▶ [WHAT TO DO]: Although the data below contains pictures, output only the lines between those holding "Keith Bryant/The Weekly" and "Schlafmans Hollow Solar Cabins - Photo 25", inclusive, exactly and without those pictures.

▶ [ENTRIES SUPPLIED]:
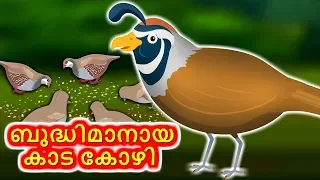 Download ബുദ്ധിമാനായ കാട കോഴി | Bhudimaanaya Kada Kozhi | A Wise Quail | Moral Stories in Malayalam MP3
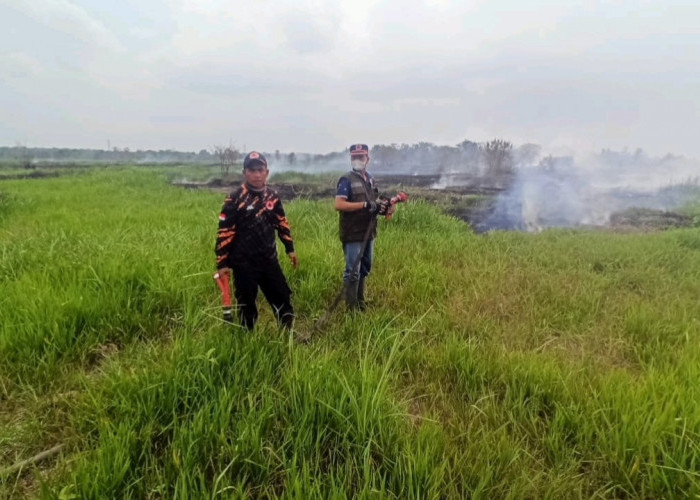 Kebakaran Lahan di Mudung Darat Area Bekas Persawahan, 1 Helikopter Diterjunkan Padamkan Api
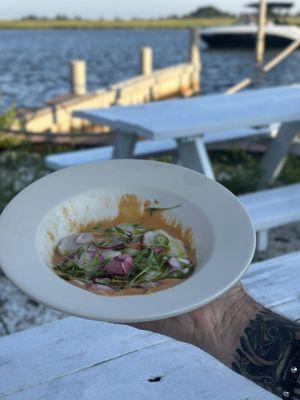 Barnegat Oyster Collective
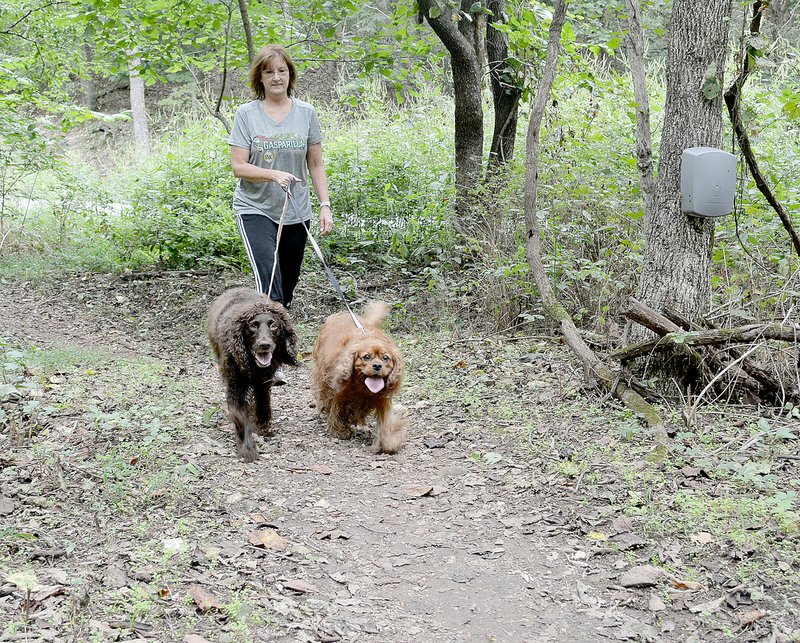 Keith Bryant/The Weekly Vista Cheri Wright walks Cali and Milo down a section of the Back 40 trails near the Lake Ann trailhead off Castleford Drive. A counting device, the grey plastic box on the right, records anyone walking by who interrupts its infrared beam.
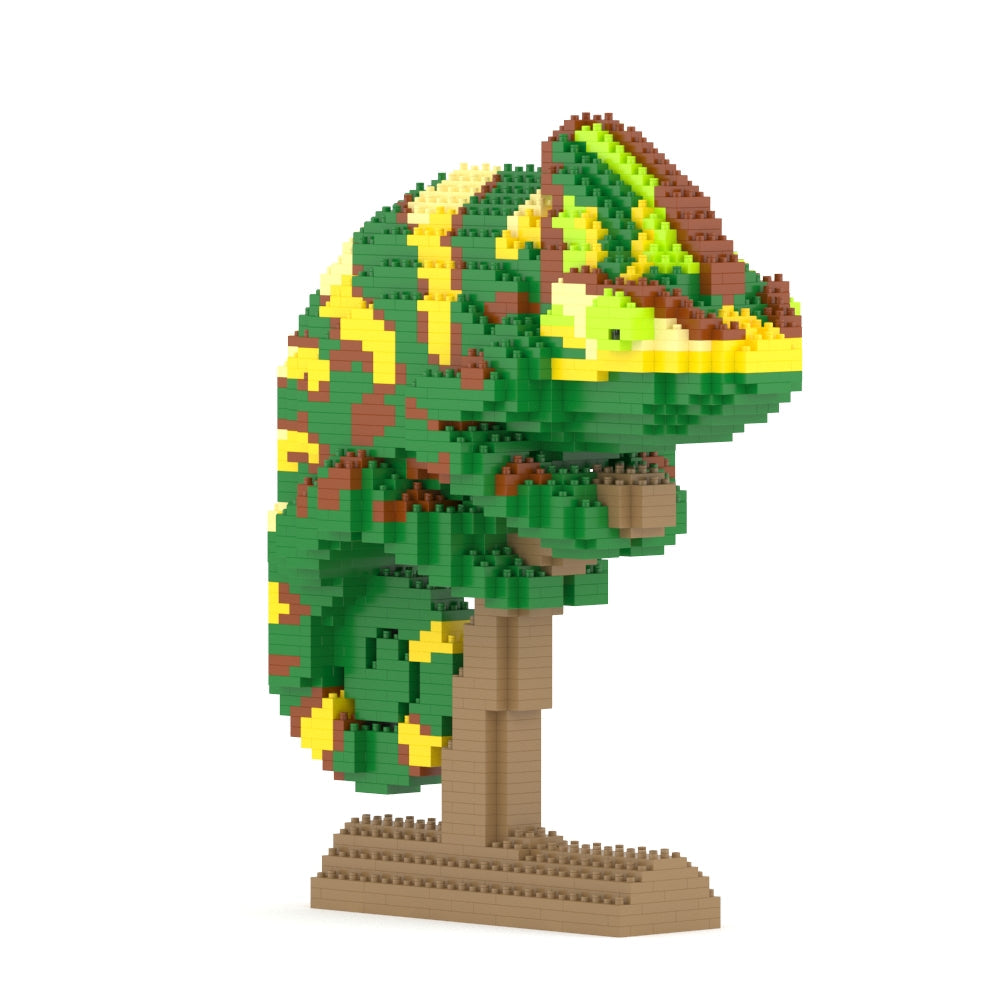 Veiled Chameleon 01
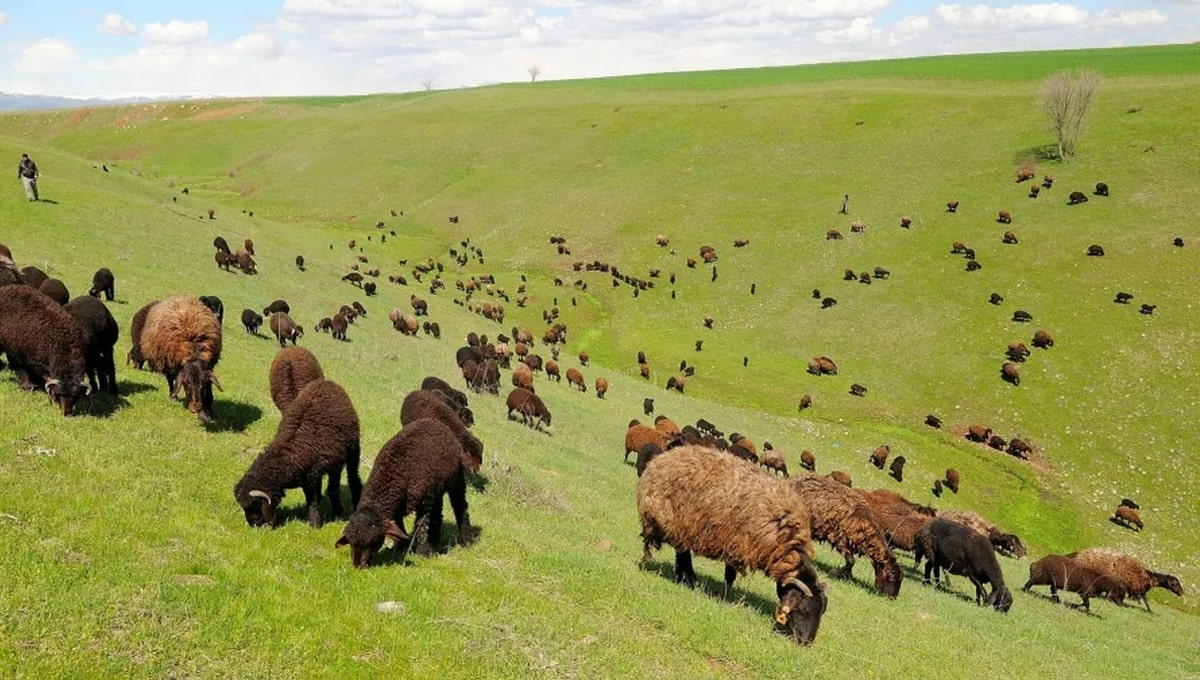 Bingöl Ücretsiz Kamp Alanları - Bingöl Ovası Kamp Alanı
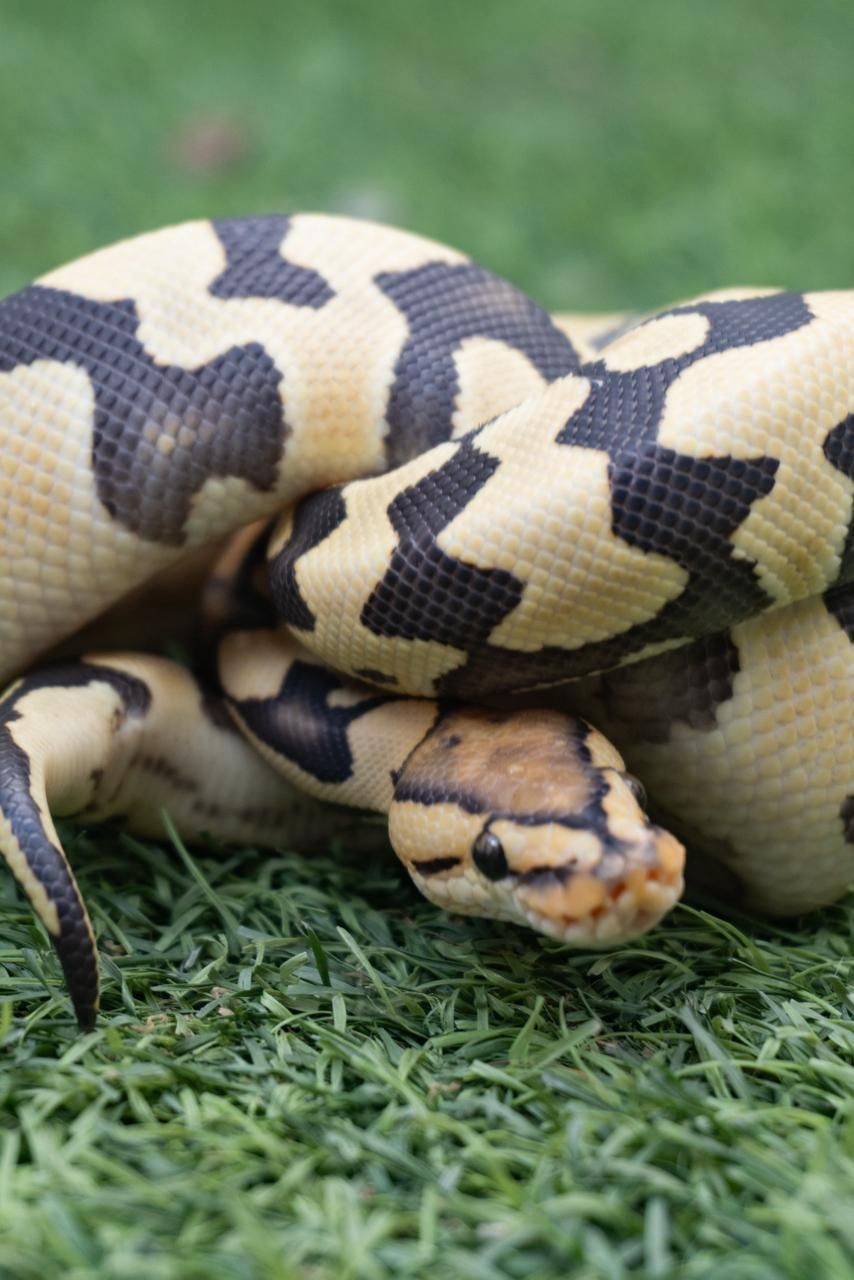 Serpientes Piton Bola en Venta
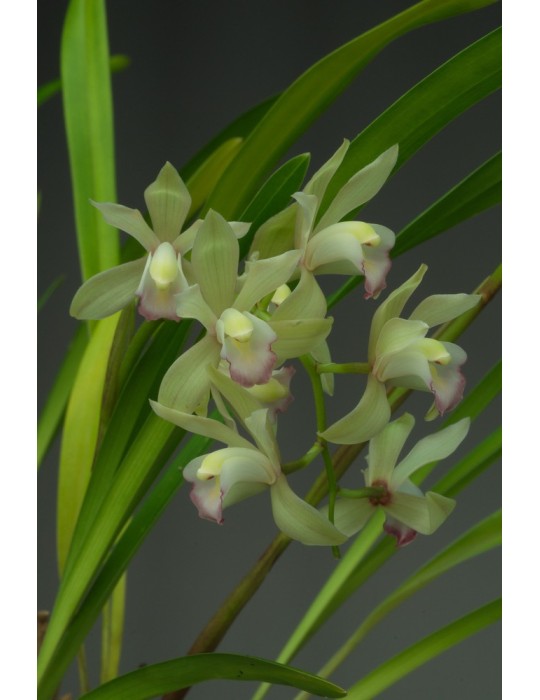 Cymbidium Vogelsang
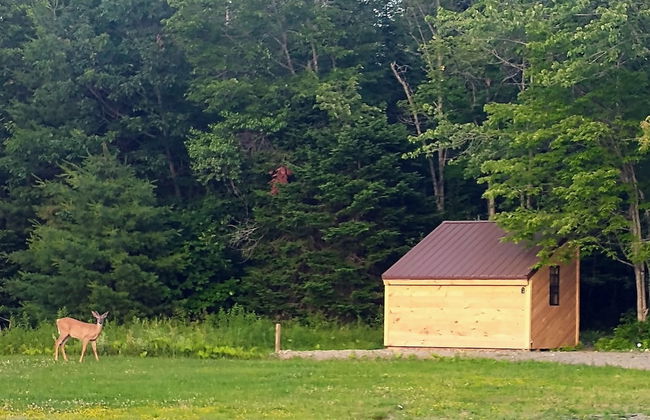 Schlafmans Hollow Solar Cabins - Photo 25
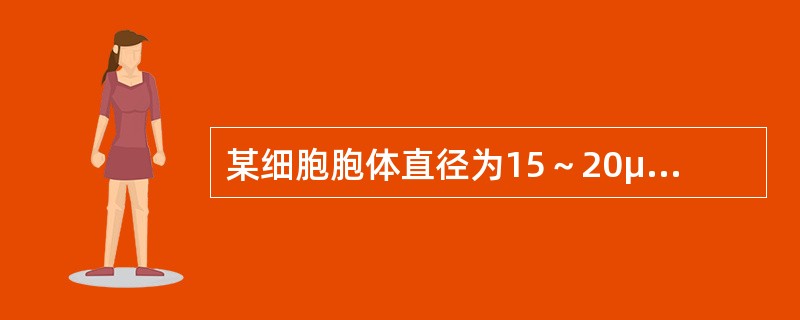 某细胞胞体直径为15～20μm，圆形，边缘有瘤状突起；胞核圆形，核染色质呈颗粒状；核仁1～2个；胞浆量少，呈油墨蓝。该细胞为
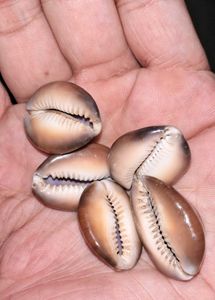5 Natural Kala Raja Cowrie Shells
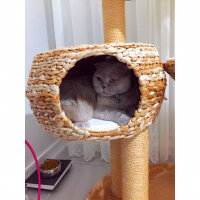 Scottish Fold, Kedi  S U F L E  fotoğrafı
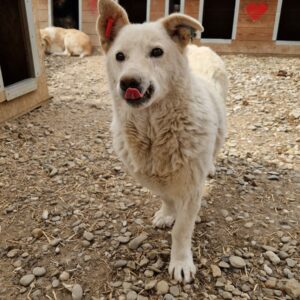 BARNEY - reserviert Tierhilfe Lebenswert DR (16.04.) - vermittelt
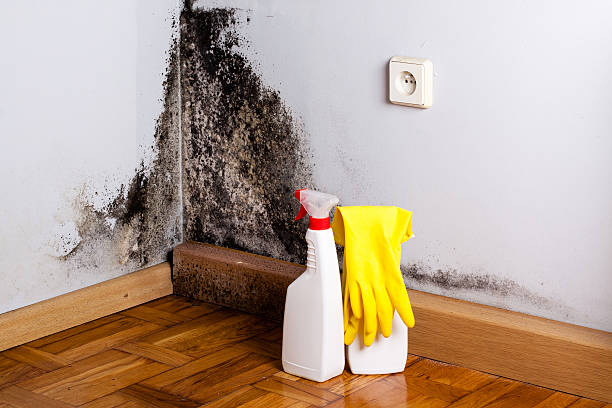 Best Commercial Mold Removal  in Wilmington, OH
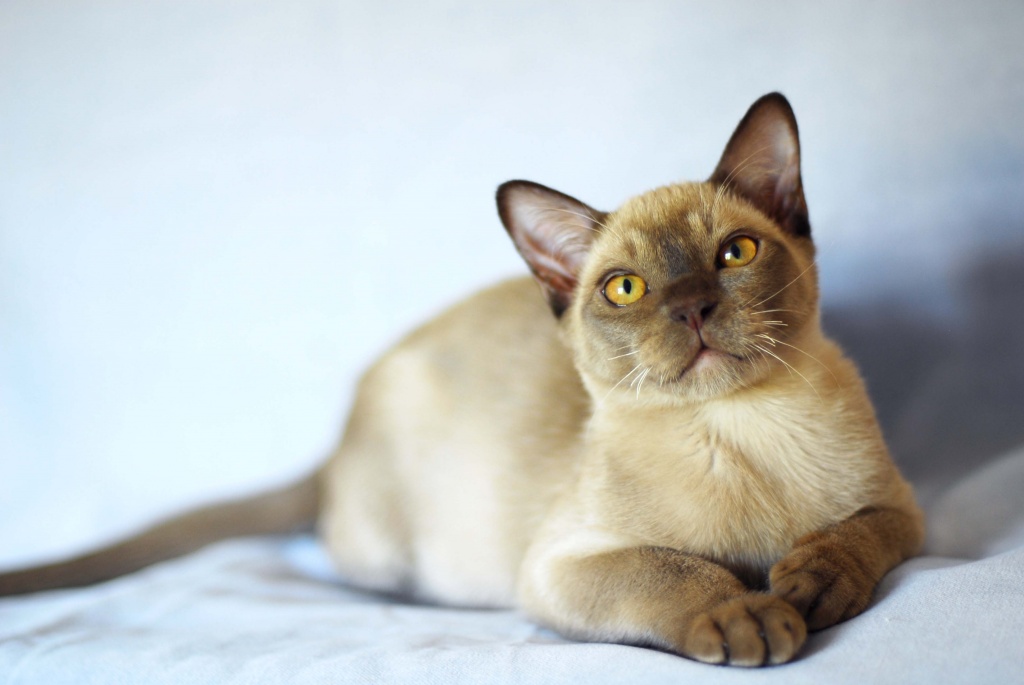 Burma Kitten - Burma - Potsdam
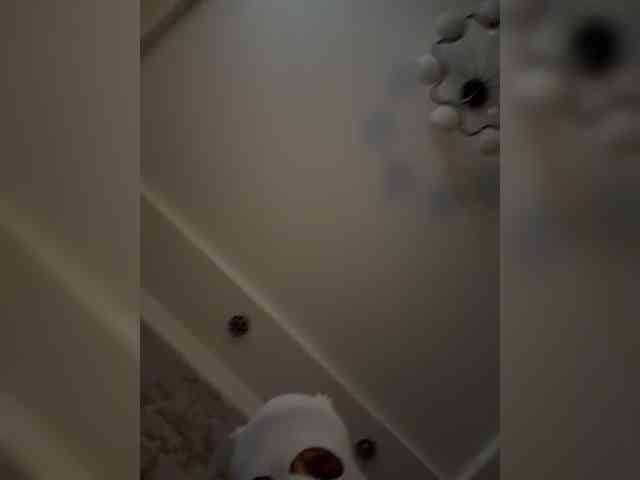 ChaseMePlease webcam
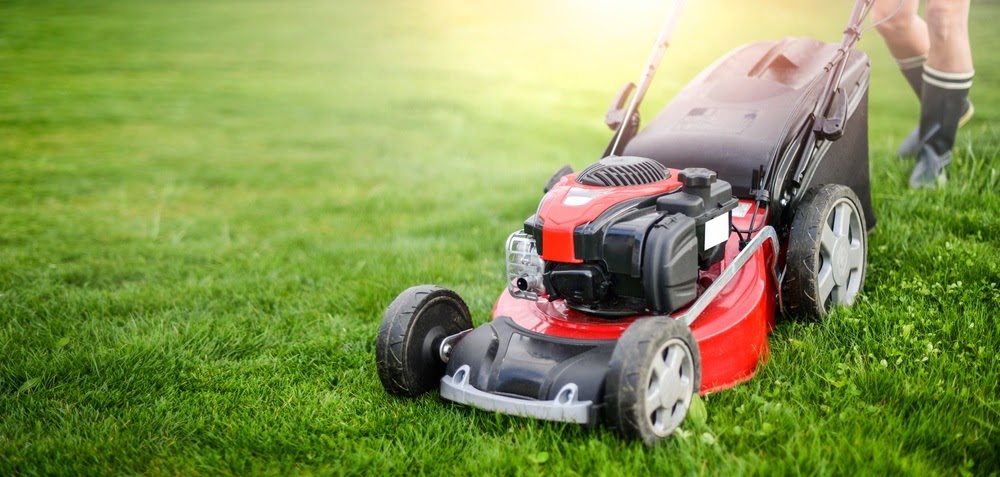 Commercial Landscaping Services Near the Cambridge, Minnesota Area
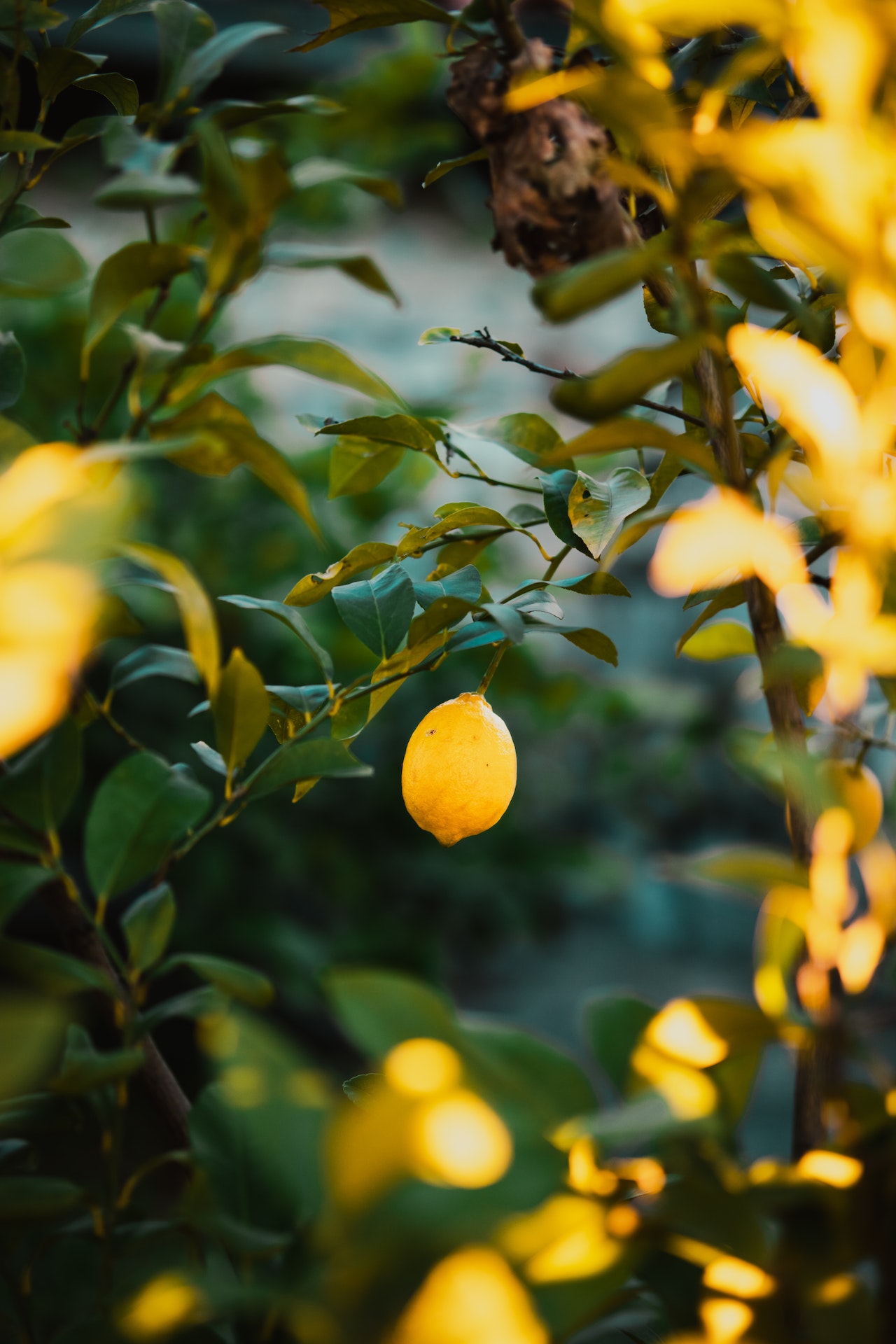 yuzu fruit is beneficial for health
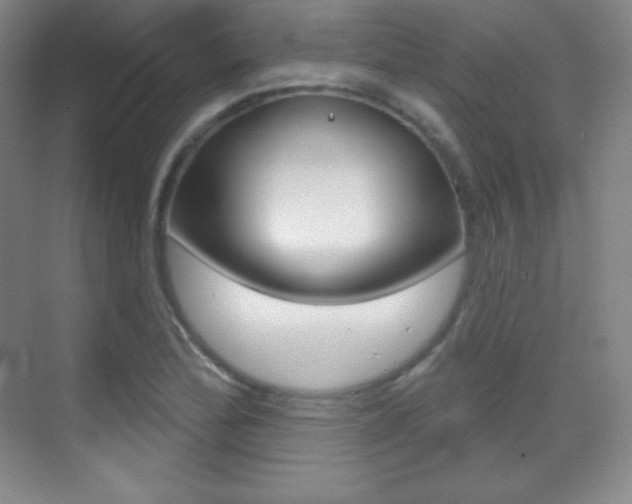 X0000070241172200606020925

▶ [WRITTEN SOLUTION]:
 Keith Bryant/The Weekly Vista Cheri Wright walks Cali and Milo down a section of the Back 40 trails near the Lake Ann trailhead off Castleford Drive. A counting device, the grey plastic box on the right, records anyone walking by who interrupts its infrared beam.
 Veiled Chameleon 01
 Bingöl Ücretsiz Kamp Alanları - Bingöl Ovası Kamp Alanı
 Serpientes Piton Bola en Venta
 Cymbidium Vogelsang
 Schlafmans Hollow Solar Cabins - Photo 25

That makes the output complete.